Diego, parcialmente recuperado depois de uma noite de sono, decide quebrar o silêncio enquanto Alex gentilmente limpa seu ferimento.

— O quê? - Maia, com o rosto ainda amassado e os cabelos desgrenhados, pergunta deitada no sofá.

— É claro que sabe, cara. - Murilo corta com uma faca uma maçã que achou na pilha de alimentos da saleta.

— Não, não sei do passado de nenhum de vocês.

O passado. Ninguém gosta de tocar nesse assunto.

— Por que essa agora? - Rafael ainda se recupera da noite anterior, mais abalado do que achou que estaria.

— Logo antes de eu ser baleado, eu… me dei conta que nunca falamos sobre isso. E vocês são a única família que me restou. Eu quase morri ontem, e eu não quero correr o risco de novo sem saber quem são as pessoas que eu amo.

— Awn.— Maia se senta no sofá. - Você ama a gente.

Ela faz uma expressão fofa com o rosto, que desperta risadas em todos.

— É, não vou dizer de novo. Mas sério, o que você fazia antes?

— Bom, - Maia abraça a perna e encara o teto, pensativa. - Eu tinha meus doze aninhos, fiz aniversário de quarentena, foi uma bosta. 

Os outros se entretém com a história.

— Eu, minha mãe e meu padrasto morávamos perto do porto. Meu pai deixou a gente assim que eu nasci. Minha mãe estava grávida durante a quarentena, ia nascer dois meses depois. Mas as coisas não melhoraram, como podem ver. - Maia tenta sorrir, mas sai apenas um sorriso triste.

— Me conta algo feliz. - Diego insiste.

— Tá, deixa eu pensar. - Ela coça a nuca. - Eu era uma ótima bailarina.

— Sério? - Rafael pergunta, rindo incrédulo.

— É claro! Por que é difícil de acreditar?

— Você é… sabe? A Maia. Meio ogra.

— Uma coisa não exclui a outra, eu dançava bem pra caralho. Às vezes, quando bate a saudade, eu ainda danço escondida no pomar. E eu nunca contei isso pra ninguém. É isso.

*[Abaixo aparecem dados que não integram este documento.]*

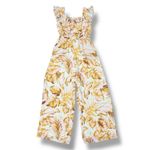 June & Hudson Tropical Print Belted Wide Leg Jumpsuit Pink Yellow Medium Photo 11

Ela consegue arrancar risadas e sorrisos de todos.

— Ok, minha vez. - Diz Murilo, com a boca cheia de maçã farinhenta.

— Nossa vez. - Rafael se aconchega no lugar. O papo o entretendo.

— A gente não nasceu grudado, criatura. Só porque você tem a mesma cara que eu, não significa que a gente tinha a mesma vida.

— A nossa rotina era igual! - Ele levanta os ombros, indignado. - Você vai contar todas as coisas legais e eu vou ficar com… inglês.

 - Você gostava de fazer inglês.

— Esse não é o ponto.

— O ponto é - Murilo continua - que nós morávamos com nossos pais e mais dois irmãos, e em certo ponto a nossa avó paterna.

— Meu Deus. - Diego ri.

— É, família grande, casa grande, foi daora. A gente tinha… Quantos anos?

— Quinze.

— Isso, quinze, quando o vírus explodiu. Mas foi uma quarentena divertida.

— E seus irmãos? - Alex pergunta, quieta até então. - Desculpa a pergunta, eu…

— Não, relaxa. - Rafael responde. - Éramos os caçulas. Os outros já tinham dezenove, vinte. Não tinham entrada no trem. Não soubemos de mais nada de ninguém.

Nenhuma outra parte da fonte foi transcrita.